Os resultados das Eleições Constituintes, com uma participação de 95% dos portugueses deu a vitória ao PS, com 38%, seguido do PPD e só depois, bem distante o PCP.
Os resultados eleitorais deram ao PS e ao próprio PPD outra legitimidade aparentemente desconhecida. Em Lisboa, Mário Soares convoca uma concentração para a Alameda, que ficou para a história como o Comício da Fonte Luminosa e inicia uma luta tenaz pelo socialismo em liberdade,que acaba com a demissão de Vasco Gonçalves e do seu Governo pro-comunista.
O problema está, porém, radicalizado nos quarteis, há uma enorme tensão social e pressão popular sobre os militares. O espetro de uma guerra civil é real. De um lado estão os militares afetos a Otelo, Comandante do COPCON. Do outro estão os militares moderados, que tinham elaborado o Documento dos Nove,liderados por Melo Antunes, reposicionando os ideais de 25 de Abril, de que tinham sido os principais obreiros.
Com estes estavam os Comandantes das Regiões Militares do Norte ( Pires Veloso ), do Centro ( Franco Charais ) e do Sul ( Pesarat Correia ) e os seus quarteis.

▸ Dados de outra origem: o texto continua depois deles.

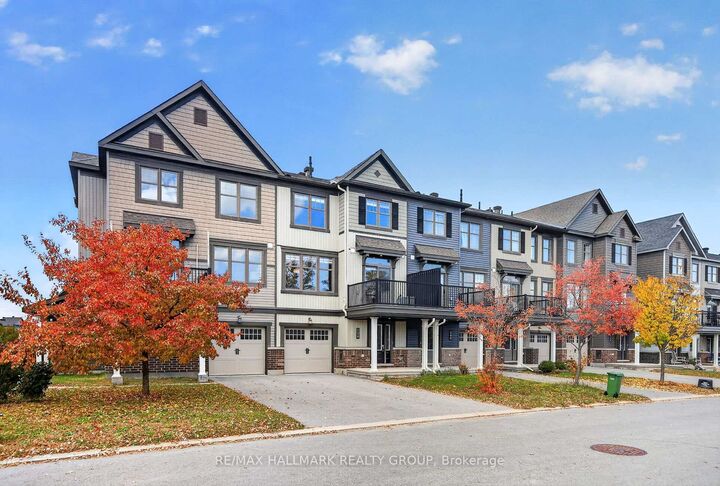 Property Photo:  238 Halyard Way  ON K2T 0L3 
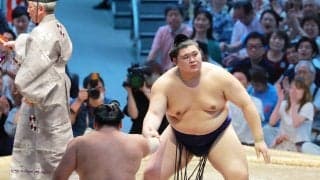 横綱・大の里が勝ち越し王手　右差し左おっつけの得意の形で尊富士に完勝　残り２日へ「しっかりと２日間やっていく」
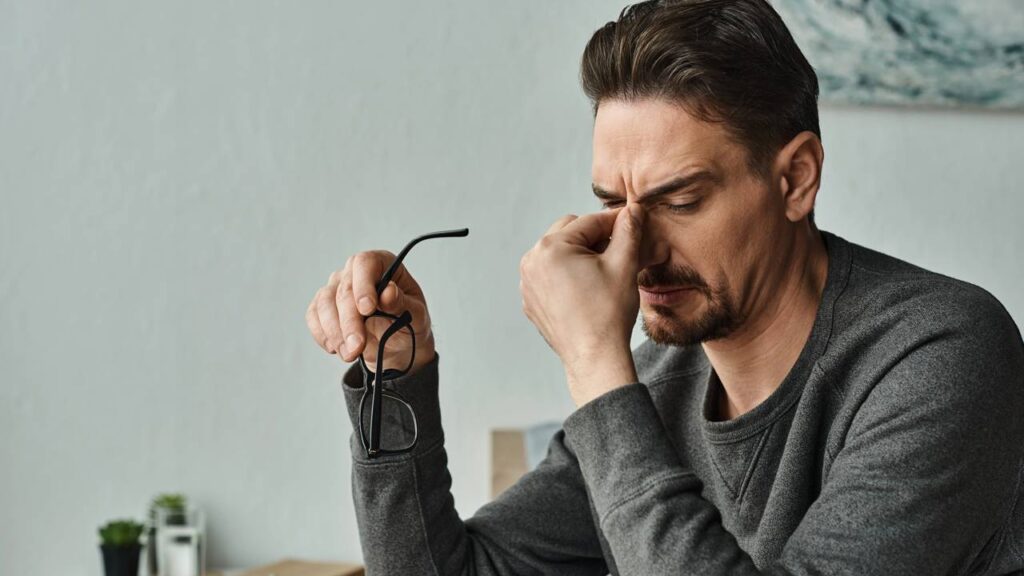 Sinais que o seu corpo está te mandando de que você precisa desacelerar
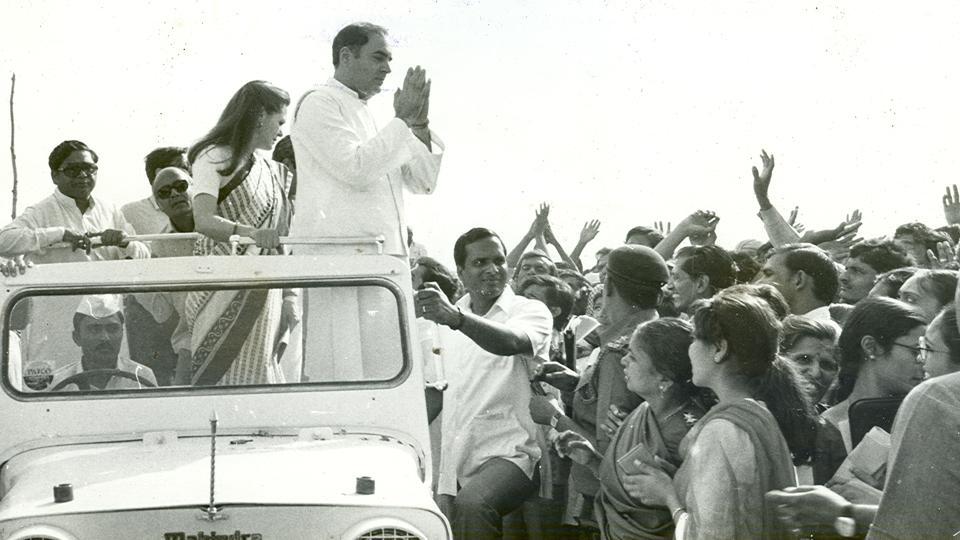 Though many of the insurgents in Sri Lanka peacefully gave in under the IPKF, matters deteriorated soon and fighting erupted again once the IPKF left in 1990 under VP Singh’s government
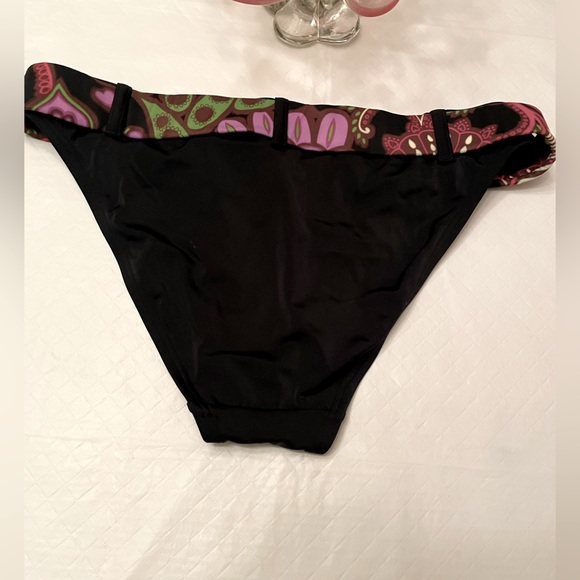 🔥 3/21 🔥Victoria’s Secret Medium bikini bottoms. Black with a multi brown belt - Picture 2 of 5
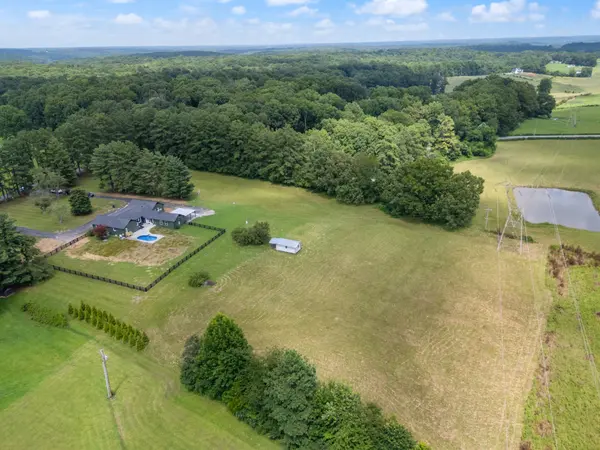 3 Old Pond Lane, Dickson, TN 37055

Também a Escola Prática de Infantaria, em Mafra, a Escola Prática de Cavalaria,de Santarém e os Comandos na Amadora.
As forças Otelistas tinham o apoio de Carlos Fabião, Chefe do Estado Maior do Exército, as bases aéreas de Monsanto, de Tancos, Montijo, Ota e a Polícia Militar entre outras unidades, como o RALIS, sob o comando de Dinis de Almeida, com os canhões apontados para a auto estrada do norte. Contavam-se as espingardas. Portugal era um barril de pólvora que preocupava os Estados Unidos e a Europa ocidental.
O novo 1º Ministro, Pinheiro de Azevedo suspende a atividade do Governo, obrigando o Presidente da República, General Costa Gomes, a decidir-se…
Os Comandos liderados pelo Tenente coronel Jaime Neves tomam a Base de Monsanto e libertam o general Pinho Freire. Todas as bases aéreas são desmobilizadas. Com Ramalho Eanes a coordenar as operações, a Polícia Militar é neutalizada pelos Comandos havendo a lamentar, na troca de tiros, três mortos.
O VI Governo provisório retoma a sua atividade. Otelo Saraiva de Carvalho deixa o COPCON e Carlos Fabião é substituido por Ramalho Eanes no Comando do Exército.
Portugal pode finalmente respirar de alívio, foi o fim do PREC e do MFA. Os militares regressam aos quarteis e os manifestantes aos seus postos de trabalho. A política foi entregue aos políticos, tendo Mário Soares e Sá Carneiro como as maiores referências. Ramalho Eanes viria a ser eleito, anos mais tarde, Presidente da República.
No breefing final do 25 de Novembro, na presença das altas patentes militares, Jaime Neves foi claro : – estava a ser feita uma traição ao povo e aos ideais de Abril e por isso tivemos de ir para o terreno e evitar uma luta de consequências imprevisiveis….
Afinal, o que é que o 25 de Novembro tem a ver com a Direita ? “ Pontos nos Is “ !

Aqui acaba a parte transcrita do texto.